### YOUR OBJECTIVE
Transcribe each record precisely; images stay out.

### THE RECORDS
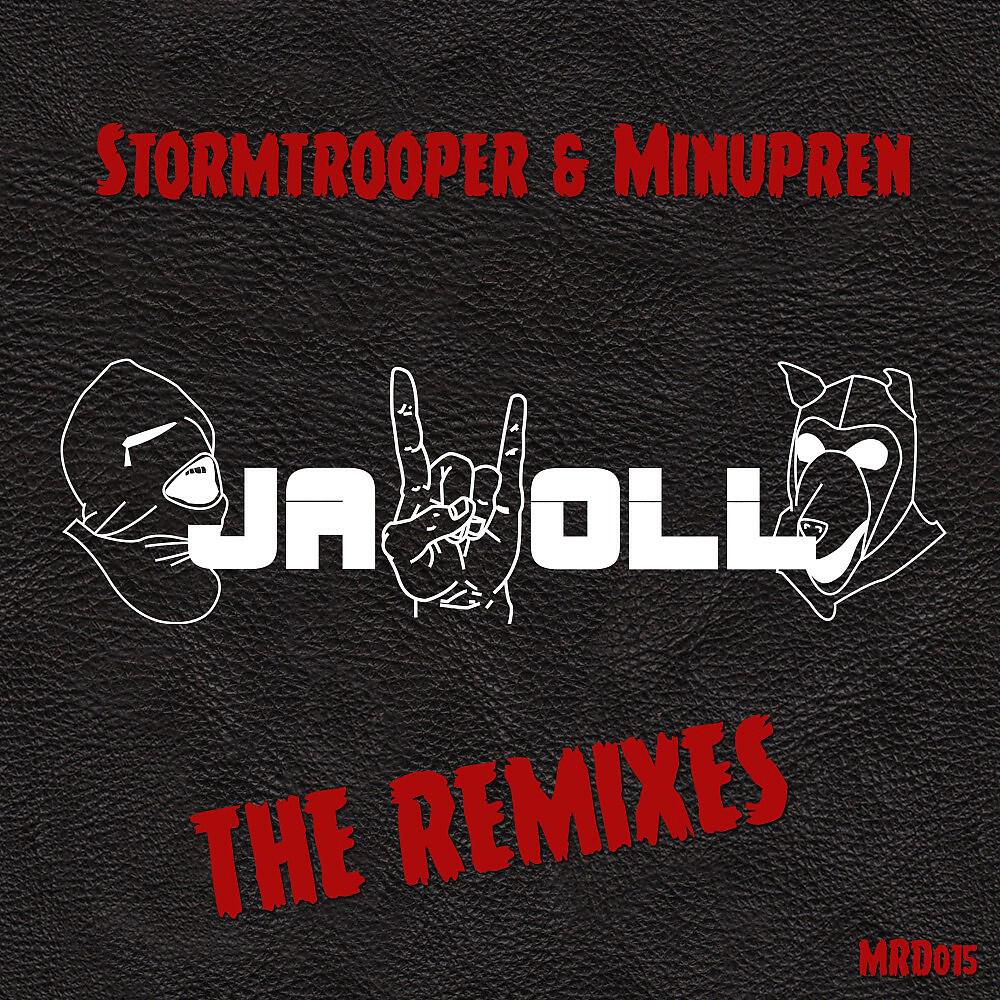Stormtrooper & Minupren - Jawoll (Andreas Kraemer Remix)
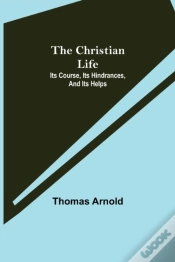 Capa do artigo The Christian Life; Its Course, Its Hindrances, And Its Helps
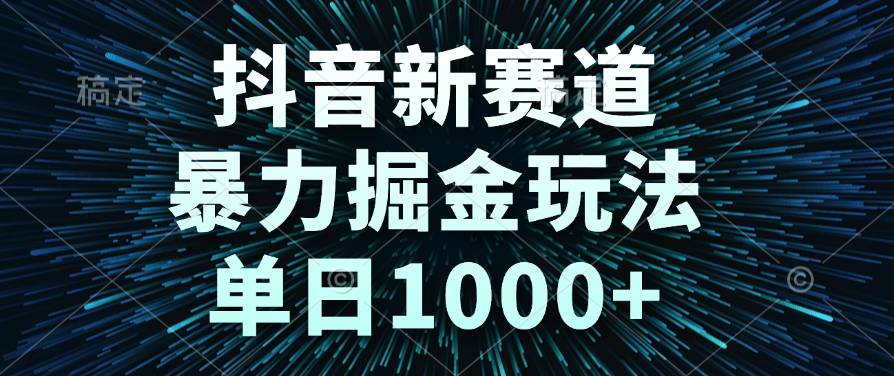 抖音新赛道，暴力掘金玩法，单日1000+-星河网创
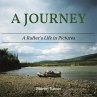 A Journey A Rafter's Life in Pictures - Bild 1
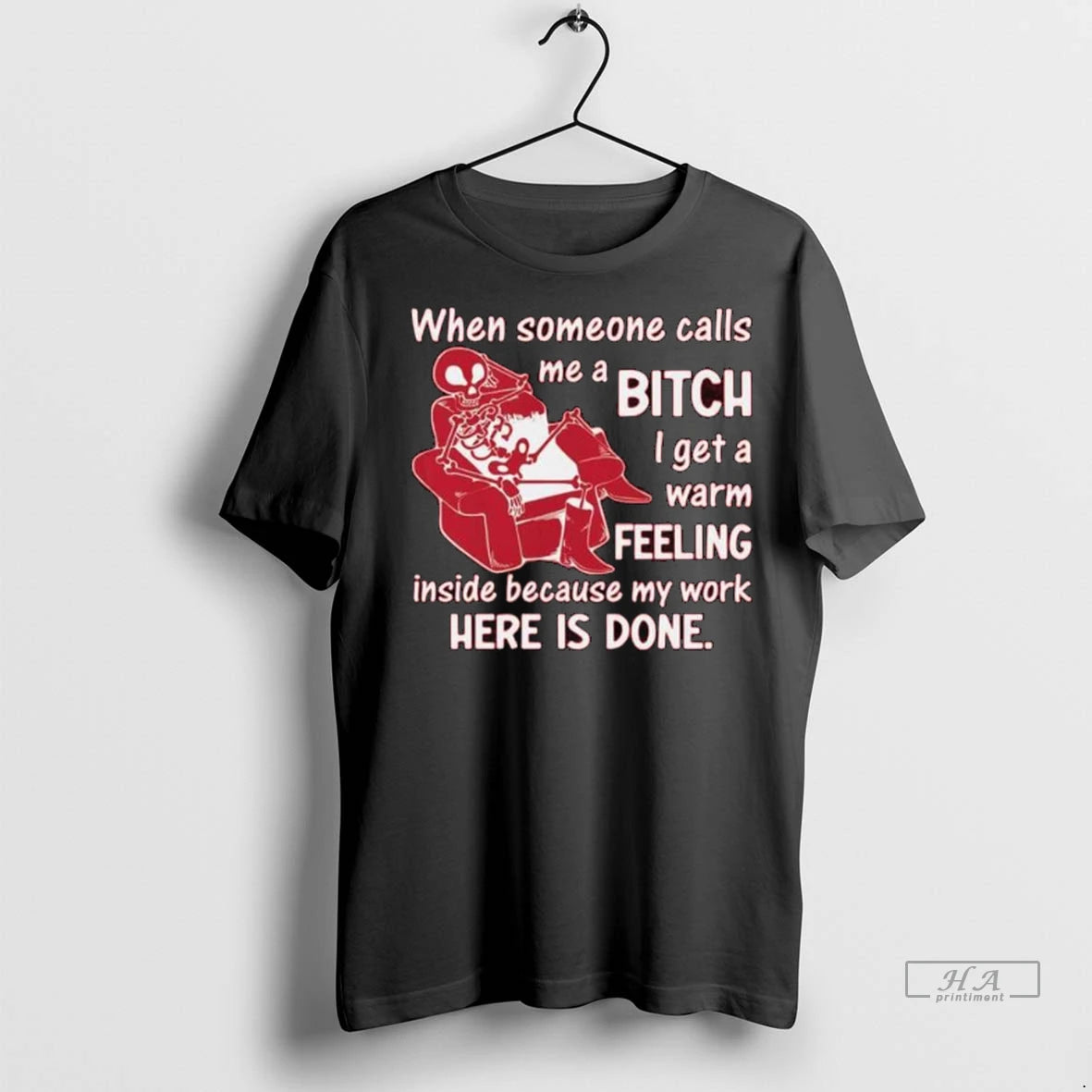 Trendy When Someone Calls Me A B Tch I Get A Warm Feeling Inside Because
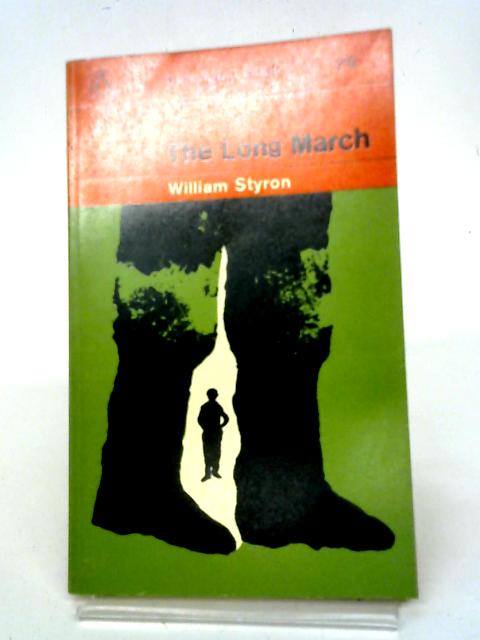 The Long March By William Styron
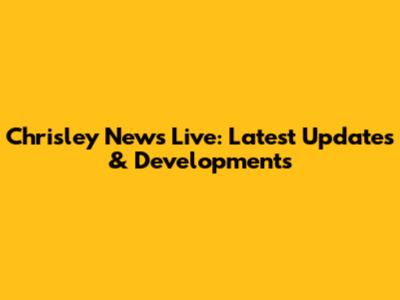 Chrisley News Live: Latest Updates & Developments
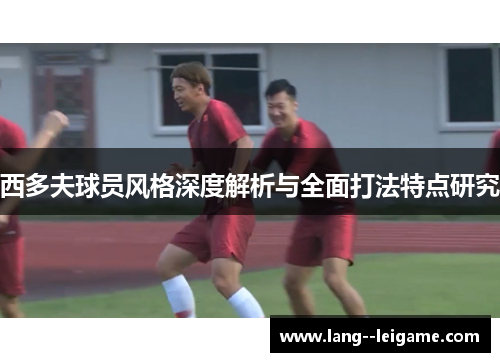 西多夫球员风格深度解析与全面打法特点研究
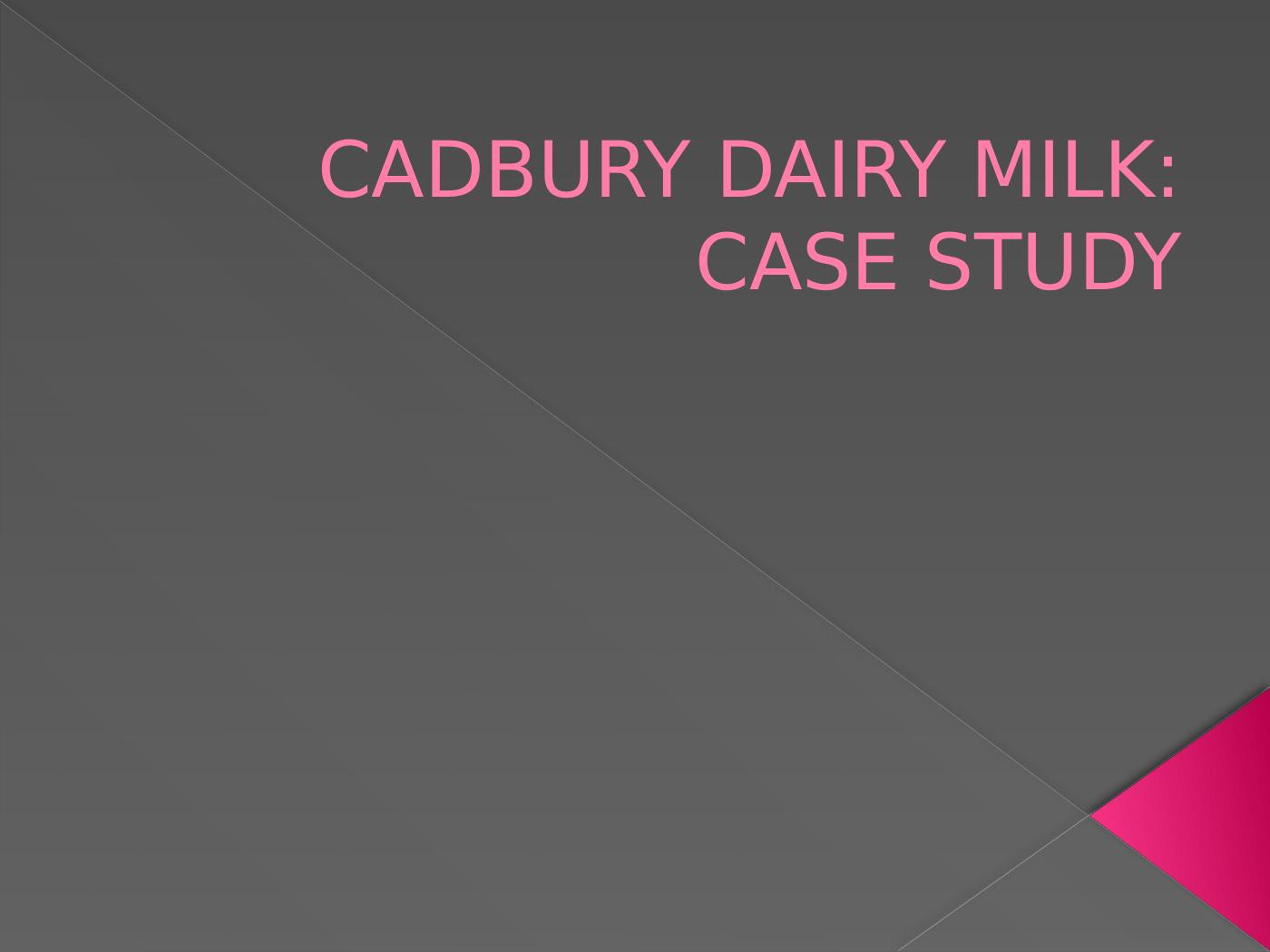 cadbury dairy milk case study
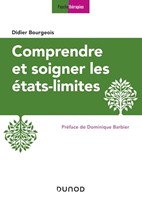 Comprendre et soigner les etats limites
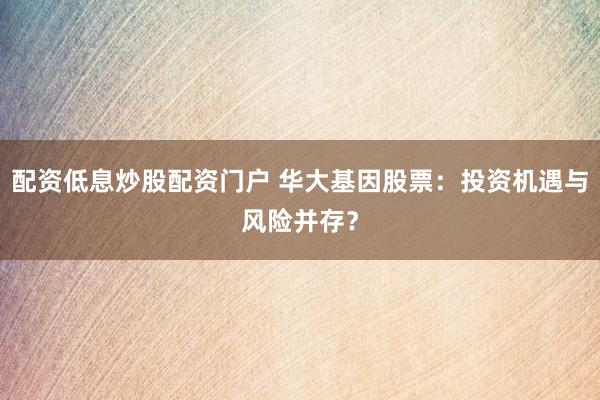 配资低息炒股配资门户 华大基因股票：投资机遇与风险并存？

### TASK OUTPUT
Stormtrooper & Minupren - Jawoll (Andreas Kraemer Remix)
 Capa do artigo The Christian Life; Its Course, Its Hindrances, And Its Helps
 抖音新赛道，暴力掘金玩法，单日1000+-星河网创
 A Journey A Rafter's Life in Pictures - Bild 1
 Trendy When Someone Calls Me A B Tch I Get A Warm Feeling Inside Because
 The Long March By William Styron
 Chrisley News Live: Latest Updates & Developments
 西多夫球员风格深度解析与全面打法特点研究
 cadbury dairy milk case study
 Comprendre et soigner les etats limites
 配资低息炒股配资门户 华大基因股票：投资机遇与风险并存？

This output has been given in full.